**Data provided**:
───
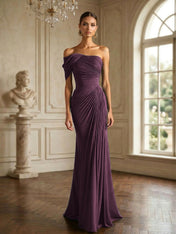 One Shoulder Pleat Mermaid Chiffon Evening Dresses for Women Gown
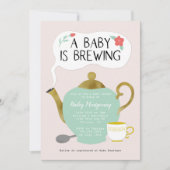 Tee Party Pink Baby Dusche Baby Braut Einladung (Vorderseite)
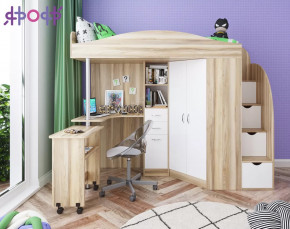 Кровать чердак Юниор 4 Винтерберг, Дуб молочный Ярофф в Пыть-Яхе - pyt-yah.mebel-tymen.ru | фото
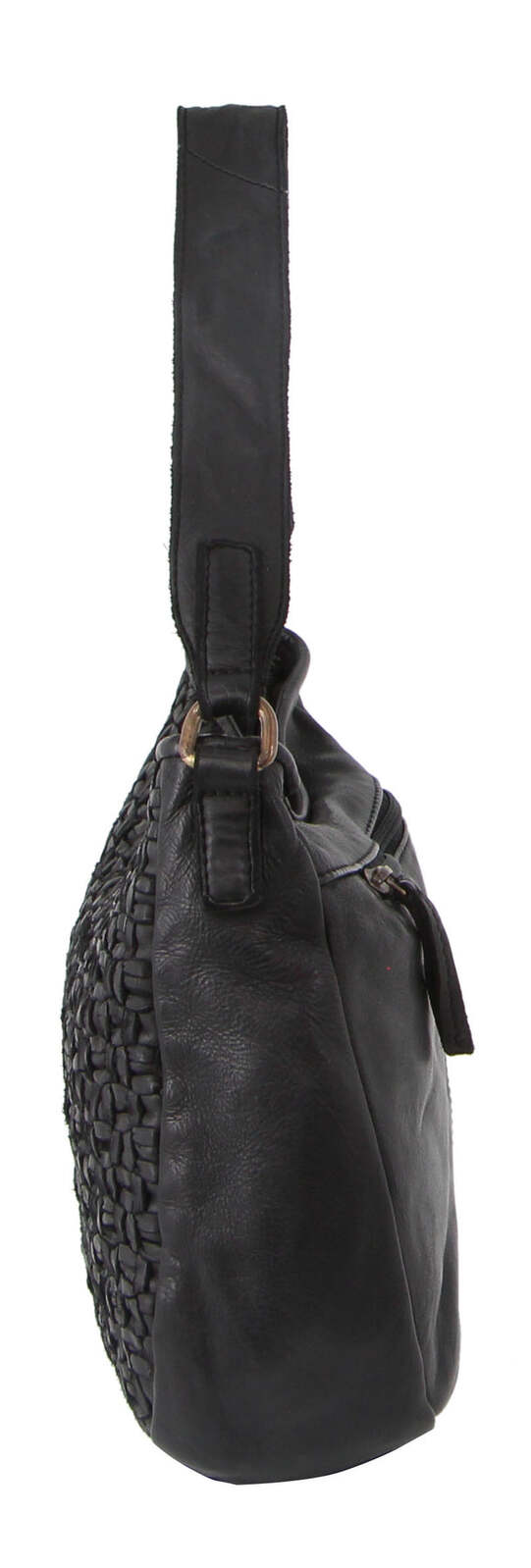 Pierre Cardin Woven Leather Ladies Cross-Body Bag - Black-3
───
**Task description**:
Repeat the listing in full and exactly. Do not include any images.

**Written response**:
 One Shoulder Pleat Mermaid Chiffon Evening Dresses for Women Gown
 Tee Party Pink Baby Dusche Baby Braut Einladung (Vorderseite)
 Кровать чердак Юниор 4 Винтерберг, Дуб молочный Ярофф в Пыть-Яхе - pyt-yah.mebel-tymen.ru | фото
 Pierre Cardin Woven Leather Ladies Cross-Body Bag - Black-3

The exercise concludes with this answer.